A zombie apocalypse is one thing. A volcanic eruption is quite another, for, as the journalist who does a framing voice-over narration for Brooks’ latest puts it, when Mount Rainier popped its cork, “it was the psychological aspect, the hyperbole-fueled hysteria that had ended up killing the most people.” Maybe, but the sasquatches whom the volcano displaced contributed to the statistics, too, if only out of self-defense. Brooks places the epicenter of the Bigfoot war in a high-tech hideaway populated by the kind of people you might find in a Jurassic Park franchise: the schmo who doesn’t know how to do much of anything but tries anyway, the well-intentioned bleeding heart, the know-it-all intellectual who turns out to know the wrong things, the immigrant with a tough backstory and an instinct for survival.
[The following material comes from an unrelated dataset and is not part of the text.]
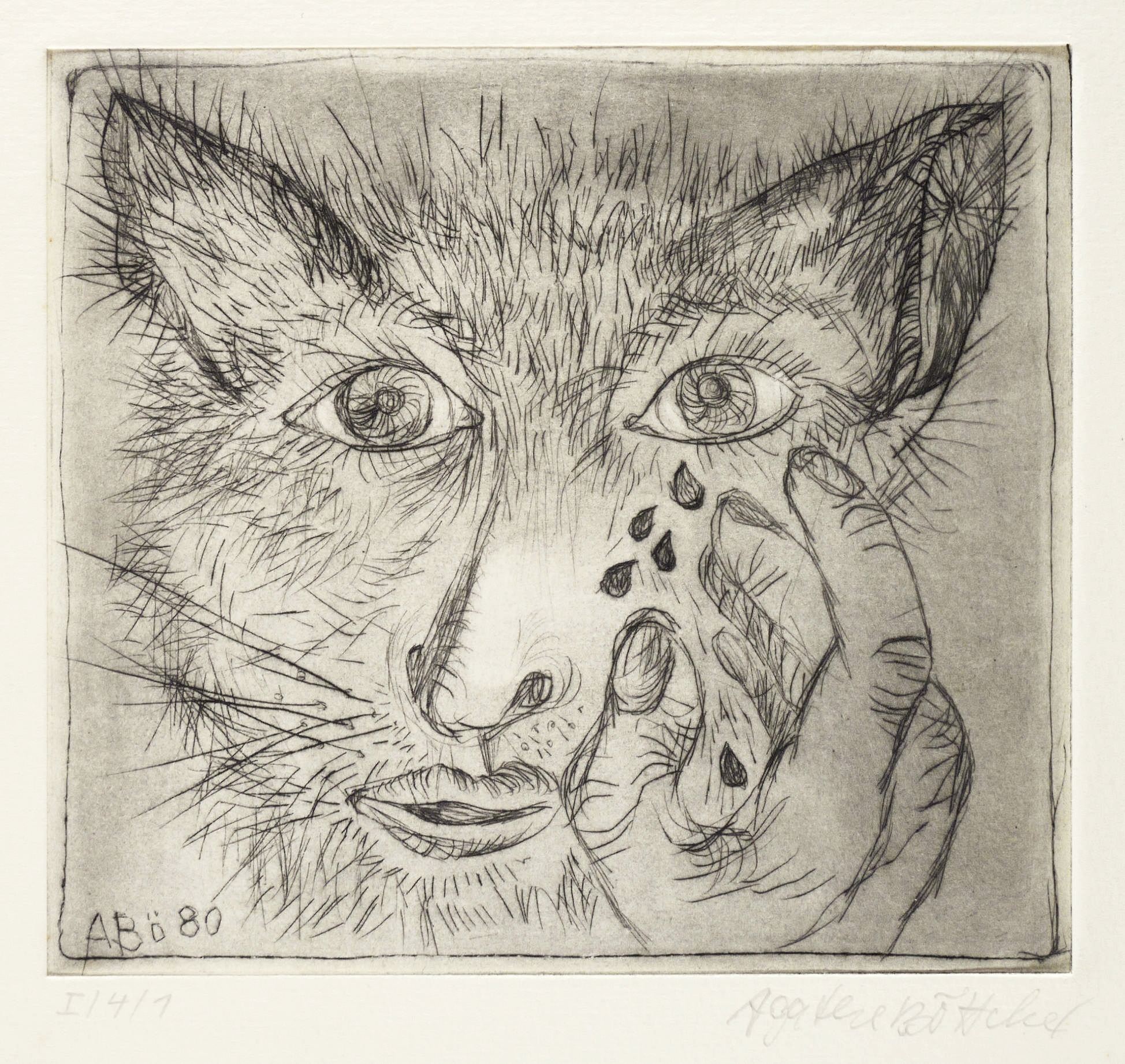 Katzen-Gesicht Katzen-Gesicht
Indeed, the novel does double duty as a survival manual, packed full of good advice—for instance, try not to get wounded, for “injury turns you from a giver to a taker. Taking up our resources, our time to care for you.” Brooks presents a case for making room for Bigfoot in the world while peppering his narrative with timely social criticism about bad behavior on the human side of the conflict: The explosion of Rainier might have been better forecast had the president not slashed the budget of the U.S. Geological Survey, leading to “immediate suspension of the National Volcano Early Warning System,” and there’s always someone around looking to monetize the natural disaster and the sasquatch-y onslaught that follows. Brooks is a pro at building suspense even if it plays out in some rather spectacularly yucky episodes, one involving a short spear that takes its name from “the sucking sound of pulling it out of the dead man’s heart and lungs.” Grossness aside, it puts you right there on the scene.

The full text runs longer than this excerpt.